▶ [Data segment]
■ ■ ■ ■ ■

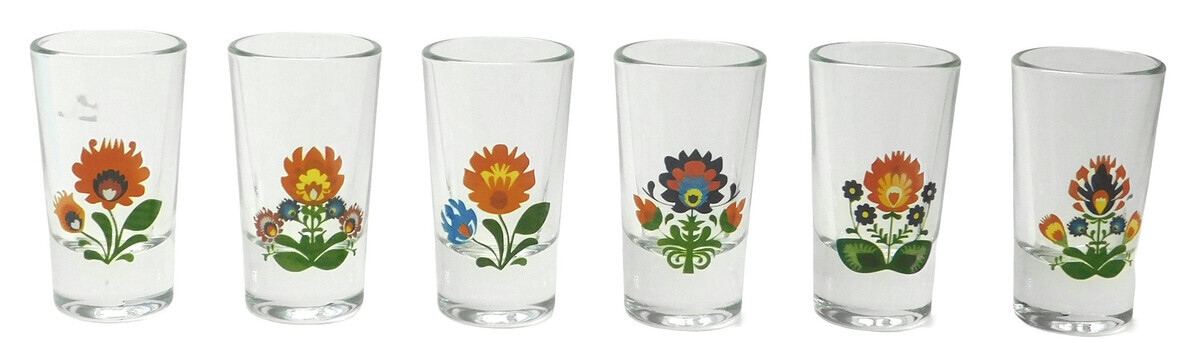 MAKRO - Sada pohárov sklo FOLK 25ml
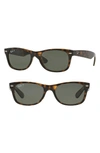 Ray Ban Small New Wayfarer 52mm Polarized Sunglasses - Tortoise In Tortoise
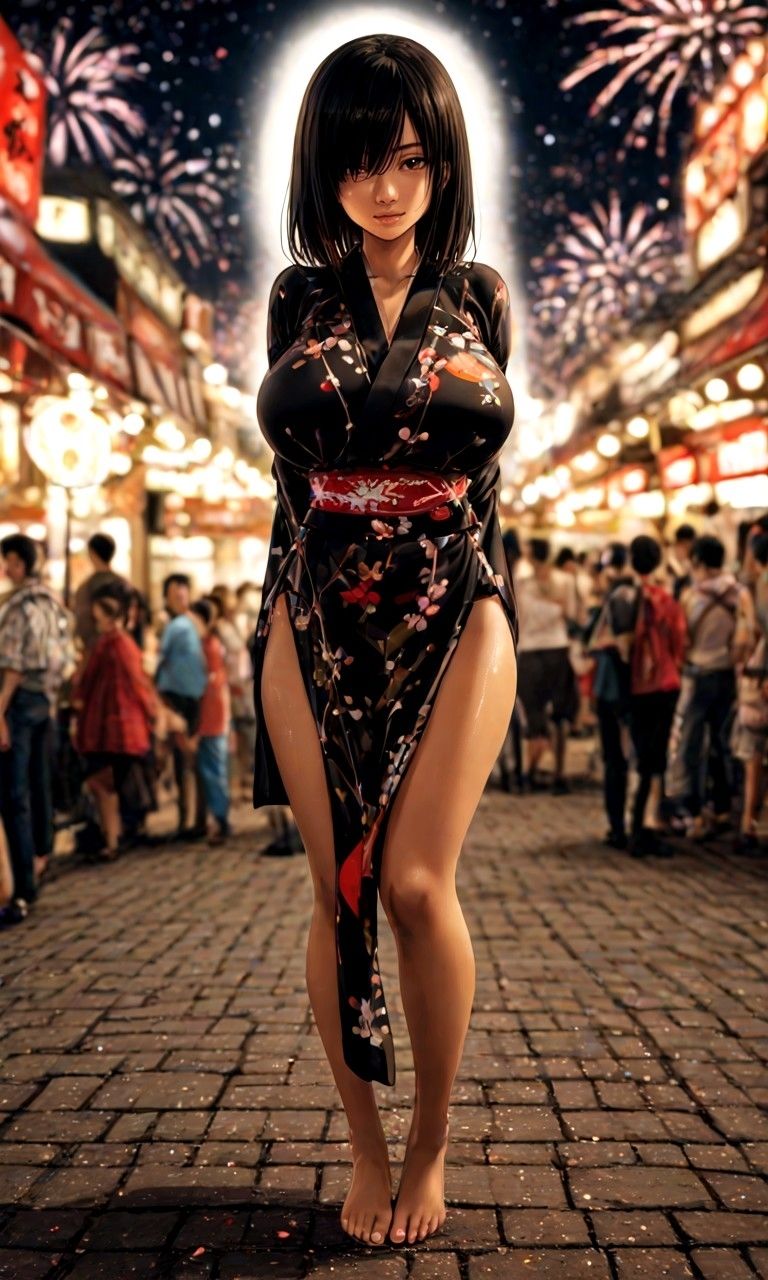 夏祭り!浴衣!|ニャホニャホ玉九郎 サンプル画像 2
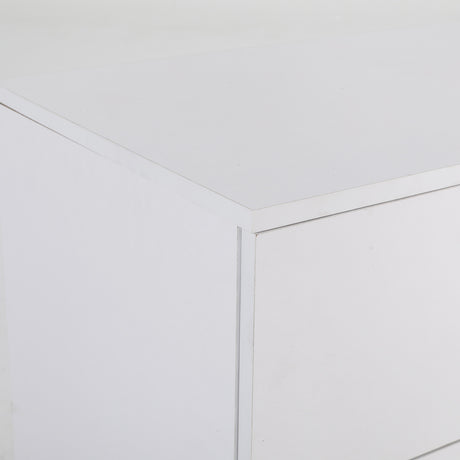 Bedside Table Side Storage Cabinet Nightstand Bedroom 2 Drawer Legs ETTA WHITE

■ ■ ■ ■ ■

▶ [Task description] Working from the line that contains "Ray Ban Small" to the last line of the listing, please quote each line exactly, pictures excluded.

▶ [Answer section]
 Ray Ban Small New Wayfarer 52mm Polarized Sunglasses - Tortoise In Tortoise
 夏祭り!浴衣!|ニャホニャホ玉九郎 サンプル画像 2
 Bedside Table Side Storage Cabinet Nightstand Bedroom 2 Drawer Legs ETTA WHITE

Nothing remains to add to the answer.